● Given records:
-- Opening Marker --
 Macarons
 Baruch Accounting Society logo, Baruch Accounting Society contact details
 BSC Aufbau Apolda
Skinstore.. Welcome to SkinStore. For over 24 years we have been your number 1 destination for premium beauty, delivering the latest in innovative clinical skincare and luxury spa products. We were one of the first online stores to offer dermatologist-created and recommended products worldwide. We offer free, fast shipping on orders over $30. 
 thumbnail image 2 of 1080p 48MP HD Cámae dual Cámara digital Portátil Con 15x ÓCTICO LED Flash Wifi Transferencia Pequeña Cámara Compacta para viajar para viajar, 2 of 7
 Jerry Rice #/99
-- Closing Marker --
-- Opening Marker --
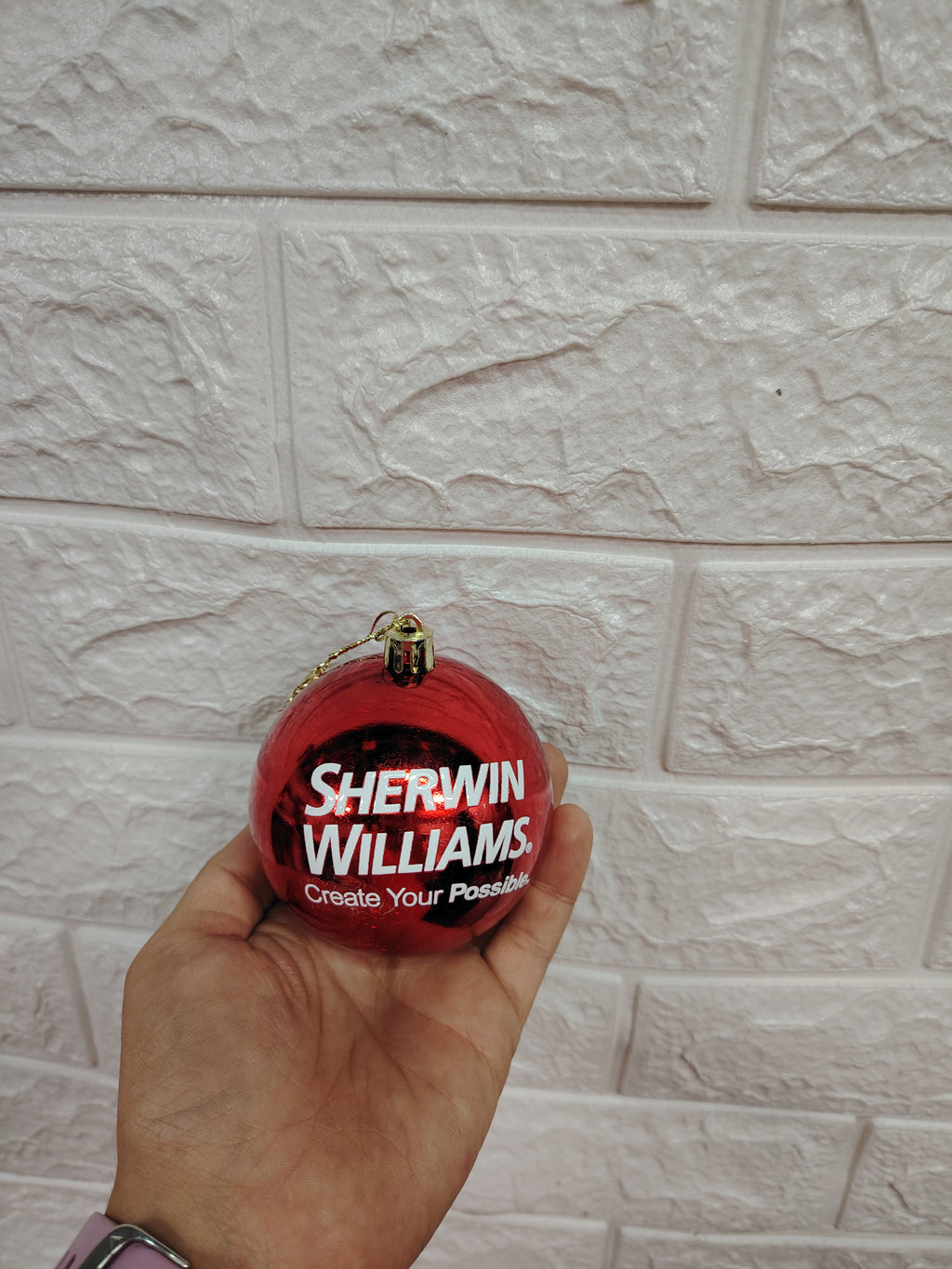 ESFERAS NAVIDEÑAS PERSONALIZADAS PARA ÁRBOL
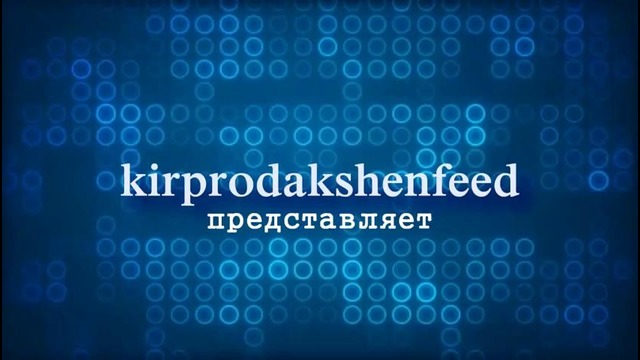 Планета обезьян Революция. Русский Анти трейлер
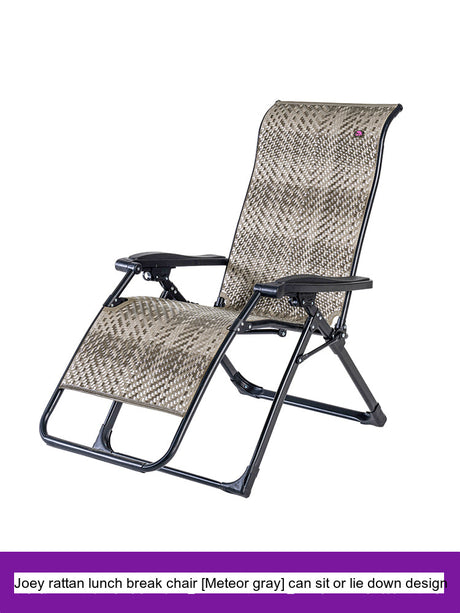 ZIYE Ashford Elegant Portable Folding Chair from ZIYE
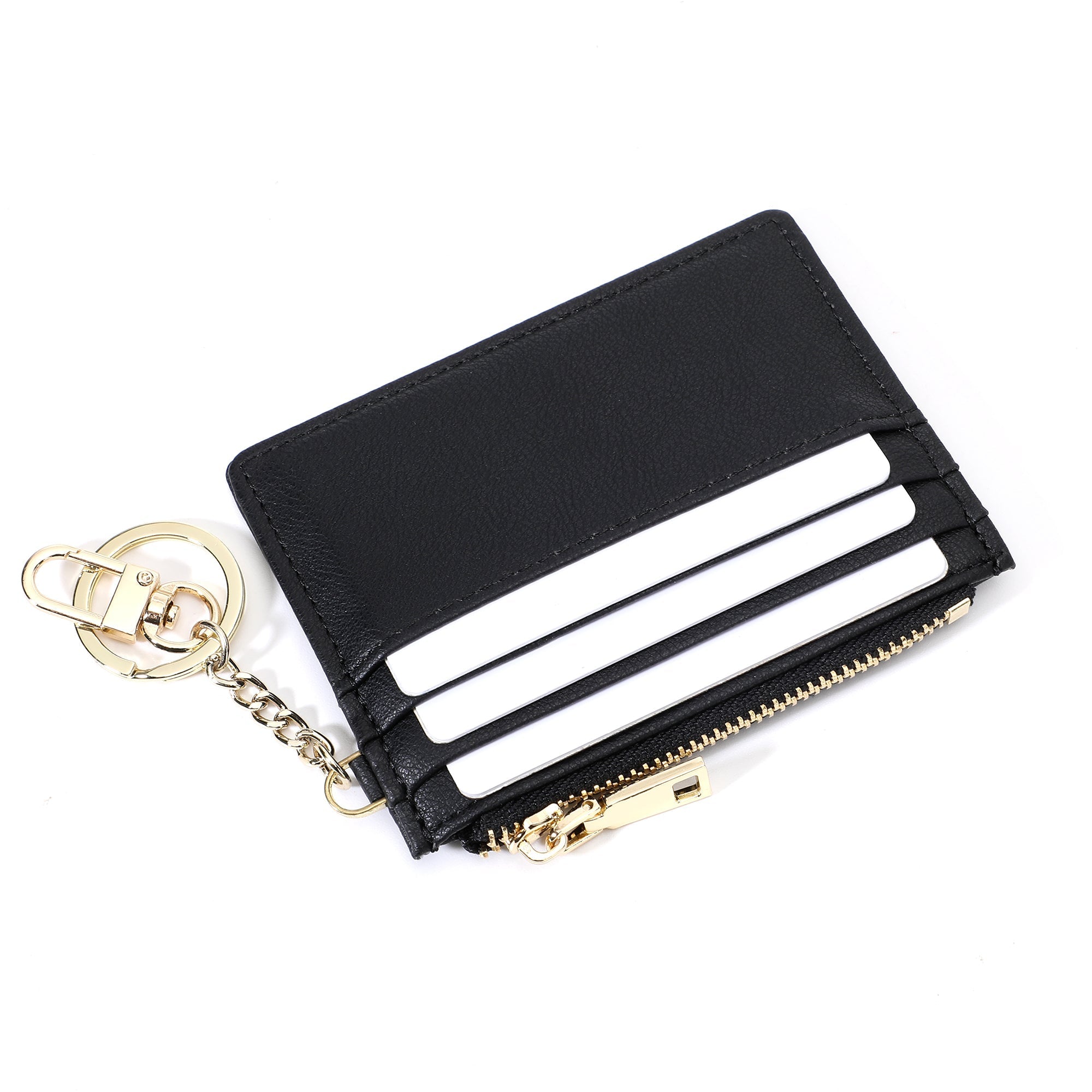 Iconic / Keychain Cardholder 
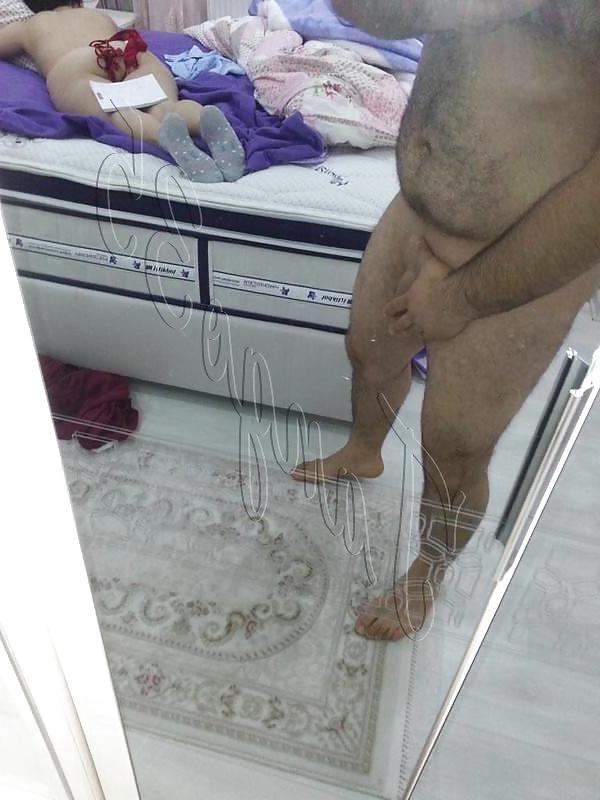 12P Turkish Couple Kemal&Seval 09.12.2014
-- Closing Marker --
-- Opening Marker --
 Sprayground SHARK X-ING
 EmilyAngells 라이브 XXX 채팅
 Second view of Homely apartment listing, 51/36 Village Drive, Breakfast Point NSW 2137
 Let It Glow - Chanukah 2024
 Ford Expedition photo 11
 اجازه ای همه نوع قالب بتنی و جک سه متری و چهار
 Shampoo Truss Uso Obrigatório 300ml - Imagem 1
-- Closing Marker --
Copy out, exactly and alone, the lines of the entries above between the ones holding "Second view of" and "Shampoo Truss Uso", inclusive.

 Second view of Homely apartment listing, 51/36 Village Drive, Breakfast Point NSW 2137
 Let It Glow - Chanukah 2024
 Ford Expedition photo 11
 اجازه ای همه نوع قالب بتنی و جک سه متری و چهار
 Shampoo Truss Uso Obrigatório 300ml - Imagem 1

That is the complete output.